# LDA - RF Pipeline 

## Import necessary packages

In [1]:
import time
import optuna
import numpy as np
from tqdm import tqdm
from sklearn.feature_extraction.text import CountVectorizer
from sklearn.decomposition import LatentDirichletAllocation, NMF
from sklearn.model_selection import train_test_split
from sklearn.metrics import accuracy_score
from sklearn.ensemble import RandomForestClassifier
import xgboost as xgb

from dataset.dataset import Dataset
from dataset.dataset_constants import split_sizes_cleaned

## Constants

In [2]:
RANDOM_SEED = 0

## Load the Hate Speech Filipino dataset from Hugging Face

In [3]:
dataset = Dataset(full_data_path="dataset/cleaned_dataset_v1.pkl",
                  from_scratch=False,
                  split_sizes=split_sizes_cleaned)
dataset.build()

X_train = dataset.get_features(split_type="train")
Y_train = dataset.get_labels(split_type="train")
X_val = dataset.get_features(split_type="val")
Y_val = dataset.get_labels(split_type="val")
X_test = dataset.get_features(split_type="test")
Y_test = dataset.get_labels(split_type="test")
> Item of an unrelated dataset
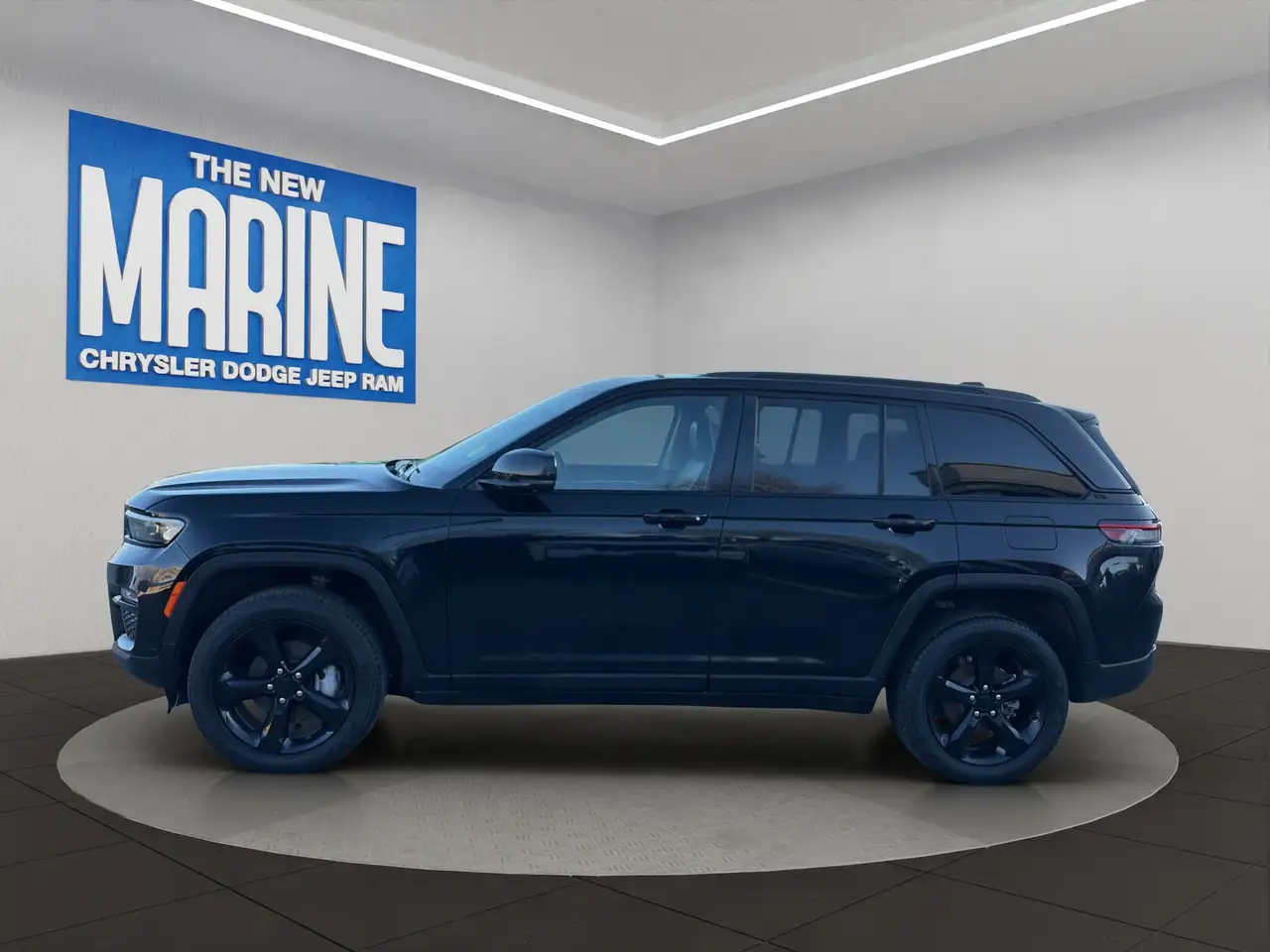 Jeep Grand Cherokee снимка Jeep Grand Cherokee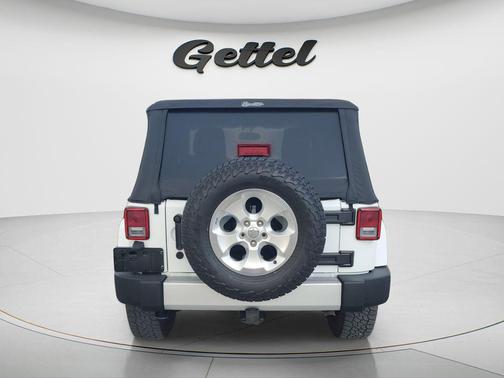 Bright White Clearcoat 2015 Jeep Wrangler Sahara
Data loaded from dataset/cleaned_dataset_v1.pkl


In [4]:
# Re-split the dataset into training, validation, and test sets
# X = X_train + X_val + X_test
# Y = Y_train + Y_val + Y_test
# X_train, X_temp, Y_train, Y_temp = train_test_split(X, Y, test_size=0.2, random_state=RANDOM_SEED)
# X_val, X_test, Y_val, Y_test = train_test_split(X_temp, Y_temp, test_size=0.5, random_state=RANDOM_SEED)

## Vectorize the texts to be able to perform LDA

In [5]:
# Define the CountVectorizer
vectorizer = CountVectorizer(max_df=0.95, min_df=2)
X_train_vector = vectorizer.fit_transform(X_train)
X_val_counts = vectorizer.transform(X_val)
X_test_counts = vectorizer.transform(X_test)

## Search for the best hyperparameters of the Random Forest model

In [6]:
# Define the objective function for Optuna
def create_objective(X_train, Y_train, X_test, Y_test):
    def objective(trial):
        n_estimators = trial.suggest_int("n_estimators", 100, 1000)
        rf = RandomForestClassifier(n_estimators=n_estimators, 
                                    random_state=RANDOM_SEED)
        rf.fit(X_train, Y_train)
        Y_pred = rf.predict(X_test)
        score = accuracy_score(Y_test, Y_pred)
        return score
    return objective

In [7]:
# Create a study object
study = optuna.create_study(direction="maximize", study_name=f"RF_Pipeline")

# Create the study objective
objective = create_objective(X_train_vector, Y_train, X_val_counts, Y_val)

# Execute an optimization
study.optimize(objective, n_trials=20, n_jobs=-1)

# Print the best trial results
print(f"Best Accuracy: {study.best_trial.value}")
print(f"Best hyperparameters: {study.best_trial.params}")

[I 2024-06-14 15:17:46,959] A new study created in memory with name: RF_Pipeline
[I 2024-06-14 15:18:14,993] Trial 7 finished with value: 0.7326257265605256 and parameters: {'n_estimators': 422}. Best is trial 7 with value: 0.7326257265605256.
[I 2024-06-14 15:18:37,407] Trial 1 finished with value: 0.731614859742229 and parameters: {'n_estimators': 761}. Best is trial 7 with value: 0.7326257265605256.
[I 2024-06-14 15:18:39,330] Trial 0 finished with value: 0.731614859742229 and parameters: {'n_estimators': 804}. Best is trial 7 with value: 0.7326257265605256.
[I 2024-06-14 15:18:41,066] Trial 6 finished with value: 0.7323730098559514 and parameters: {'n_estimators': 813}. Best is trial 7 with value: 0.7326257265605256.
[I 2024-06-14 15:18:41,775] Trial 5 finished with value: 0.7318675764468031 and parameters: {'n_estimators': 828}. Best is trial 7 with value: 0.7326257265605256.
[I 2024-06-14 15:18:44,122] Trial 2 finished with value: 0.7321202931513773 and parameters: {'n_estimators

Best Accuracy: 0.7333838766742482
Best hyperparameters: {'n_estimators': 219}


In [9]:
best_n_estimators = study.best_trial.params["n_estimators"]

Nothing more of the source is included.